What to Actually Do About This

Practice 01
Update Your Wikipedia Before the Moment, Not After
If you have a product launch, earnings call, or campaign coming, your Wikipedia page needs fresh edits, current stats, and recent citations in the 7 days before, not during or after. Recency beat cumulative authority as the strongest predictor of AI visibility. A well-timed Wikipedia update may matter more than three months of social content.
Evidence: Wiki Views 7d x Presence %, ρ = 0.810, p = 0.000001
Practice 02
Be on More Platforms, Not Just Bigger on One
Athletes on 4 platforms averaged 14.3 LLM mentions vs. 2.2 for those on 1 to 2 platforms. LLMs appear to weight multi-signal consistency. Showing up in multiple places tells a different story than a large following in one. Do not concentrate all effort on a single channel.
Evidence: Total Reach x Mentions, ρ = 0.759; Platform Count x Mentions, ρ = 0.633
Practice 03
Make Your Wikipedia Article Bigger and Better-Sourced
Article size correlated most strongly with Position Score: where you rank when you are cited. Crosby's 231KB article drives a Position Score of 79.7 despite zero social presence. Detailed sections, sourced claims, structured data. Size predicts WHERE you appear, not just IF.
Evidence: Wiki Article Size x Position Score, ρ = 0.702, p = 0.00009
Practice 04
Stop Expecting Events to Create Visibility From Nothing
Aicher's +3,064% Wikipedia surge produced 2 LLM mentions. Malinin's +3,922% produced 15. Same event window, similar growth curves, completely different outcomes, because Malinin had 306K monthly views to amplify. Build the foundation before the campaign. The event is the amplifier, not the source.
Evidence: Wiki Surge % x Mentions, ρ = 0.312, p = 0.13 (NOT significant)
Practice 05
Know Your Tier and Set Targets Accordingly
Mega = 14.3 avg mentions. Major = 7.5. Mid = 4.2. Micro = 2.2. These boundaries are statistically real. Optimization strategies should aim to cross the next tier threshold, not skip two. A Micro-tier brand targeting Mega-tier AI visibility is budgeting for disappointment.
Evidence: Kruskal-Wallis H = 13.80, p = 0.008

Data Considerations

Data Sources & Collection
LLM visibility data: 19,615 responses collected via Scrunch across 5 LLMs (Gemini, Google AI Mode, AI Overviews, Meta AI, ChatGPT) from February 6 to 10, 2026 (Olympic days 1 through 5). Metrics: Estimated Mentions, Presence %, Position Score.

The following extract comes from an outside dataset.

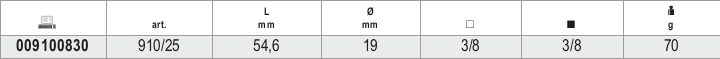 3/8 Drive Universal Joint 54.6mm - Beta Tools 910/25 thumbnail 3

Social proof signals (11): Wikipedia views (90d, 30d, 7d), Wikipedia edits (30d), Wikipedia article size (bytes), Instagram followers, total social reach, platform count, Wikipedia views during Olympics (4d), Wikipedia surge %, Wikipedia edits during Olympics.

Wikipedia baseline: Snapshot date February 5, 2026. Olympics surge data: February 6 to 9, 2026 vs. January 29 to February 5, 2026 baseline.

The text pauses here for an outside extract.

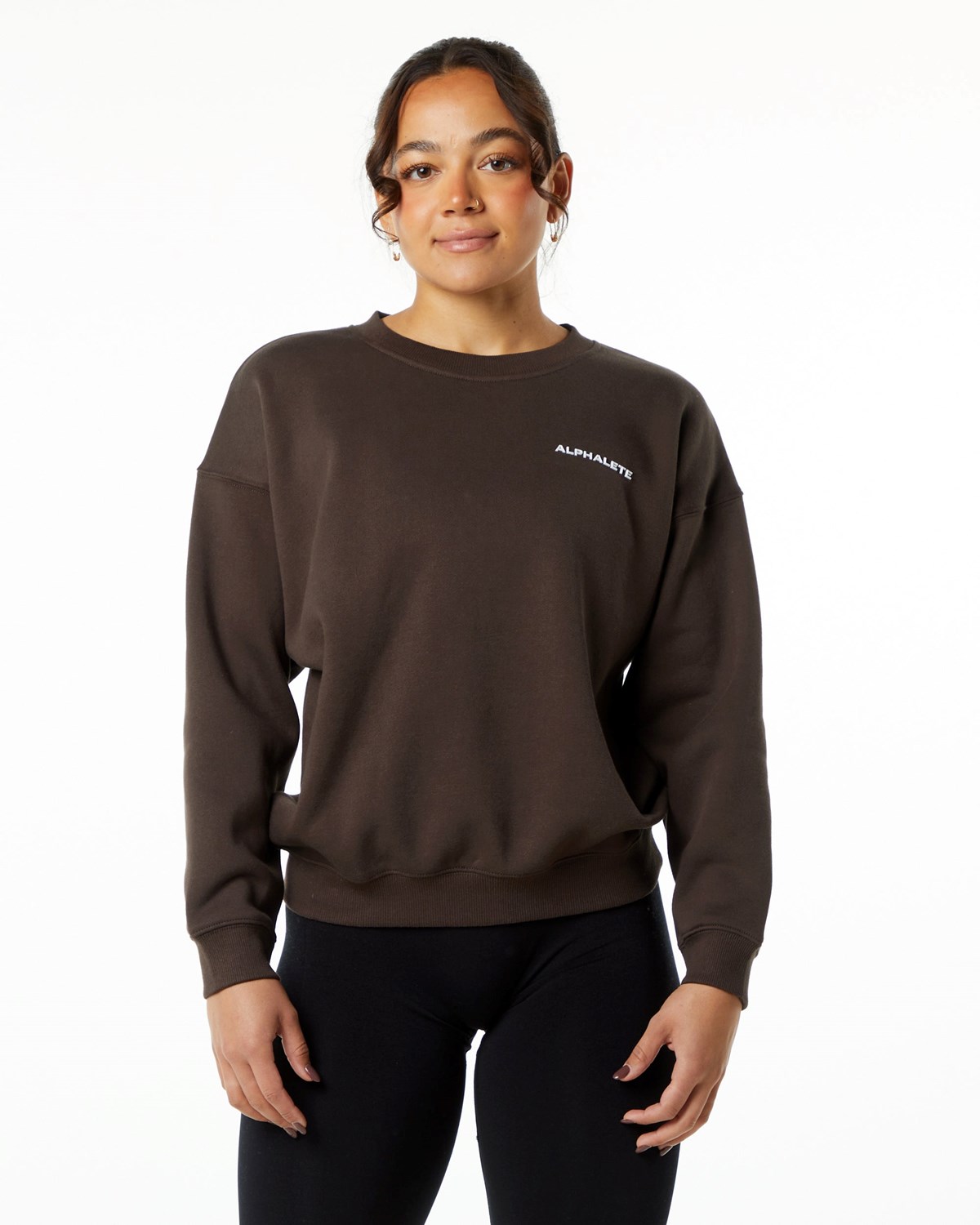 Fudge Brown Alphalete Brushed Fleece Crewneck Sweater | RZGHSO081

Discovery tag data: 1,586 prompts across 5 discovery tags (Athletes to Watch, Country Favorites, Dominance, Medal Favorites, Rising Stars), 8 athletes surfaced across tags.
Statistical Methods
Primary test: Spearman rank correlation (non-parametric, appropriate for non-normal distributions). 33 tests: 11 signals x 3 visibility metrics. Significance threshold: p < 0.05.

Group comparisons: Kruskal-Wallis H-test across 5 social tiers. Mann-Whitney U test comparing top 5 vs. bottom 5 athletes by visibility.

Result: 28 of 33 tests significant. 10 of 11 signals significant on at least one visibility metric. Only Wikipedia surge % failed to reach significance on any metric.
Limitations
Sample size: n = 25 athletes. Sufficient for Spearman correlation detection at moderate effect sizes, but limits ability to run multivariate regression. Results should be validated with larger samples.

Aggregated LLM data: Scrunch export aggregated across all 5 platforms. Per-platform breakdowns were not available for H5 analysis. Different LLMs may weight social proof signals differently.

Temporal scope: Social proof signals captured at a single baseline snapshot (Feb 5). LLM responses collected over 5 days. Both are snapshots, not longitudinal measures.

Correlation ≠ causation: Strong correlations do not prove that social proof signals cause LLM visibility. Both could be driven by underlying fame or relevance. The surge % finding (not significant) provides the strongest causal hint: that pre-existing authority matters more than dynamic change.